O digital desloca o eixo do desejo. Deixa-se de desejar a partir da própria história para desejar a partir do que se vê. O desejo deixa de ser expressão e se torna imitação.


A Terapia Cognitivo-Comportamental ajuda a identificar as crenças que sustentam essa lógica. A ideia de que a vida dos outros é melhor opera como lente distorcida que altera a percepção da realidade. O filtro negativo seleciona apenas o que confirma a inadequação. A leitura mental atribui superioridade aos outros sem qualquer evidência.
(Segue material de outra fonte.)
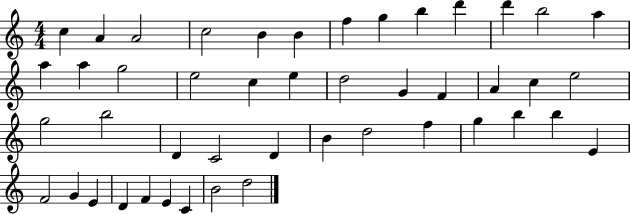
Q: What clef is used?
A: treble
A distorção cognitiva transforma qualquer falha pessoal em sinal definitivo de fracasso.

A Psicanálise, por sua vez, ilumina por que essa comparação dói tanto. A vida dos influenciadores funciona como uma figuração moderna do Ideal do Eu. O sujeito não se compara a pessoas reais, mas a personagens meticulosamente compostos, reativando feridas narcísicas antigas: a sensação de nunca ser suficiente, o medo de não ser desejado, a angústia de não ocupar lugar no desejo do outro.

No consultório, a integração entre Psicanálise e TCC torna-se fundamental. De um lado, escuto o que se perde simbolicamente quando o sujeito se curva aos modelos imaginários de felicidade. De outro, trabalho as crenças, pensamentos automáticos e comportamentos evitativos que perpetuam esse ciclo. O objetivo é reconstruir a possibilidade de existir sem depender exclusivamente do olhar externo para confirmar a própria consistência.

Ao final, a cisão entre o que se sente e o que se posta revela algo mais profundo: o abandono lento e contínuo da vida real. A experiência direta, com sua textura imperfeita e sua ausência de espetáculo, vai sendo substituída pela vida performada, pronta para publicação. O risco é a obsolescência da própria experiência humana.

A busca contemporânea por saúde mental começa aqui. Resgatar a vida que pode ser vivida e não apenas exibida. Recuperar a capacidade de sentir antes de registrar. Permitir-se ser anônimo e silencioso, ter uma vida normal sem convertê-la em narrativa. O sujeito reencontra sentido quando volta a experimentar o real em sua densidade própria, sem compará-lo a versões editadas e sem exigir que cada instante seja memorável.

A saúde mental, nesse cenário, não nasce da performance, mas da presença. E o caminho mais urgente não é desconectar-se das redes, mas reconectar-se consigo. Nada substitui a vitalidade que surge quando o sujeito decide viver aquilo que sente em vez de apenas postar aquilo que imagina ser.